IMG_0783[1]Not a post that I really expected to be writing!  My wife just found out the other day that she is expecting again!  This will be baby #3 (or 8, depending on how we’re counting…and if you’ve read my other posts) and I’ve found it very comical that in the same week that we found out this news this picture began surfacing on Facebook – rather fiting I thought.

Liz and I have talked about the possibility of a third child for a while, but never really but any deep thought into, I guess you could say.  We were happy with our two girls and were just gonna leave it at that.  Well, we got a surprise!

Things are still very early.  My wife will go to the doctor this Tuesday for an ultrasound and some bloodwork.  She will just be 6 weeks at this point, and yes, everyone knows.  I know that goes against everything – tradition, logic, etc. – but we’ve never been good at keeping secrets and we’ve always wanted to prayers and support of everyone around us due to the problems we’ve had in the past. 

So all of that has started again as well – the shots, the medications, and of course the worry.  Days already seem to be creeping by.  We are still in a bit of shock, but our brains are running wide open with things too. 

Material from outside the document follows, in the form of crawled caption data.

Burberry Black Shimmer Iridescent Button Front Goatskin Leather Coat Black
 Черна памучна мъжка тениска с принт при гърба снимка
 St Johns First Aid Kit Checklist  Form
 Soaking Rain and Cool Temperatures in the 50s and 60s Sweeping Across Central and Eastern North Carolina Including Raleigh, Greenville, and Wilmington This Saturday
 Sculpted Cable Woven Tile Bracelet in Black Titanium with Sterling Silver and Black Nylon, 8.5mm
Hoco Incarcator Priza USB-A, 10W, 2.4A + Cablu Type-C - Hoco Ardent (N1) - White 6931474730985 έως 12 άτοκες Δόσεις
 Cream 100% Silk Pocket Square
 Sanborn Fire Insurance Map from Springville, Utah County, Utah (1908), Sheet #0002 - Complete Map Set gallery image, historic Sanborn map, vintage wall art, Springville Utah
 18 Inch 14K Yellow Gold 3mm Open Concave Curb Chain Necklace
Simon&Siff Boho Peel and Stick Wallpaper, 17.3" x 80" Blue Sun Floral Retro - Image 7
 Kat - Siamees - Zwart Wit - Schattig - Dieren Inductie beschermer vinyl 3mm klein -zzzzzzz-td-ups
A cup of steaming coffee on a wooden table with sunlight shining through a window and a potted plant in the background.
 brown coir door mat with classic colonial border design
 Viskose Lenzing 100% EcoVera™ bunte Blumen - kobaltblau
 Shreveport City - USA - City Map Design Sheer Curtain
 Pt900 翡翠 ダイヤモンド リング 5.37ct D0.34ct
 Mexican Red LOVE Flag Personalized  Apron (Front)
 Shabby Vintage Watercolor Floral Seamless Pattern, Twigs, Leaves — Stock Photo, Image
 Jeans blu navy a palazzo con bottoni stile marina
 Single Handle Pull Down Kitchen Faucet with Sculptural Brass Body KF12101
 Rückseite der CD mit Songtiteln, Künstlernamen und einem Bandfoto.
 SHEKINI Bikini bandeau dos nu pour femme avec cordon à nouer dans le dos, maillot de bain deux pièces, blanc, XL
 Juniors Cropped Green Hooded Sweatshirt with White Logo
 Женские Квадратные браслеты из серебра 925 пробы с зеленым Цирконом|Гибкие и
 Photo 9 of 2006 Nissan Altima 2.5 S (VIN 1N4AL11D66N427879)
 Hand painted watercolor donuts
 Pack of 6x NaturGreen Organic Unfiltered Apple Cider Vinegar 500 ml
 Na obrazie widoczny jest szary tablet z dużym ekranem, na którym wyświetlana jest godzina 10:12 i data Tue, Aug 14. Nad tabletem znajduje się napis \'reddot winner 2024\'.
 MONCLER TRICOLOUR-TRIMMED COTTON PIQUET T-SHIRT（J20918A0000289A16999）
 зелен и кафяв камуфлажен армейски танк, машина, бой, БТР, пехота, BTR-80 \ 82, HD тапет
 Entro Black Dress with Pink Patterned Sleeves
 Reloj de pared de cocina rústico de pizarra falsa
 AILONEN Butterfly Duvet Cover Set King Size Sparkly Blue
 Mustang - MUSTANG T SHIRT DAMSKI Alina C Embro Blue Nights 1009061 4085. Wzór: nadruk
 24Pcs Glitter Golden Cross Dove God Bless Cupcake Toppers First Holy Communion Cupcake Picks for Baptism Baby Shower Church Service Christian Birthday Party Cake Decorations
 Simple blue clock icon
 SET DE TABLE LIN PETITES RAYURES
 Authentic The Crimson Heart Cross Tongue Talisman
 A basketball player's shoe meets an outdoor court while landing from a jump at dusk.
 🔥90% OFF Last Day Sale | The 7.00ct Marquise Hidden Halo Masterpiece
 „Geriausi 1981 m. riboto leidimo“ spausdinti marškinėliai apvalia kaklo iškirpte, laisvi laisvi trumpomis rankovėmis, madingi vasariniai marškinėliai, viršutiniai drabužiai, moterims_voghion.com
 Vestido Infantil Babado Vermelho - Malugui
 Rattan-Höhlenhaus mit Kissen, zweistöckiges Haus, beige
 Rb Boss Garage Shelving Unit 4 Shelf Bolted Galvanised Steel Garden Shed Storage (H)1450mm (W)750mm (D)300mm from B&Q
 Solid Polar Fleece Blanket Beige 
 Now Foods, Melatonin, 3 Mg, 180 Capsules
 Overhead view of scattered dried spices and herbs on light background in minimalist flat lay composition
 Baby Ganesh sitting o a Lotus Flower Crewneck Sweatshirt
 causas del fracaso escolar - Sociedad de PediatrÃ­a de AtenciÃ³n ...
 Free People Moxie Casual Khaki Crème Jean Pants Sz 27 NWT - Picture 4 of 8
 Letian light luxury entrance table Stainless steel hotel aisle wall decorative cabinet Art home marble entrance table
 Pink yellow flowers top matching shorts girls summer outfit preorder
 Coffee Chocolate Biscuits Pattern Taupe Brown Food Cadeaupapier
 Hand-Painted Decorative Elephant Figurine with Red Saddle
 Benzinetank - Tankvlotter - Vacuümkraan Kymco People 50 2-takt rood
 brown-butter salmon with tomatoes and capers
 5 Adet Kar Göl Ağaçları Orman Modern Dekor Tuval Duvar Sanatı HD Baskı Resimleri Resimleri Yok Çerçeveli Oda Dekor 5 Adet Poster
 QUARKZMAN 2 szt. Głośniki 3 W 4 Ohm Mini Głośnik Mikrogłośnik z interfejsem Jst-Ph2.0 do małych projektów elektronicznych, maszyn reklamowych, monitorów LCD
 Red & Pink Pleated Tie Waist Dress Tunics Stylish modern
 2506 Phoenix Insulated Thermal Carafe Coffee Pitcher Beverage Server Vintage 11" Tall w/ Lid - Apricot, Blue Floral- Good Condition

I know each pregnancy is different, but this one is a bit more different for us because we have two other kids now and our oldest has a little better idea of what is going on.  She was only 11 months old when we got surprised with her sister.  It seems her brain has been running too fast since we told her as well.  When is the baby coming has already been asked a couple hundred times in the last few days!  It has been sweet though hearing here talk about, “when my other sister gets here”. 

I haven’t been able to convince her of the possibility that it could be a little brother!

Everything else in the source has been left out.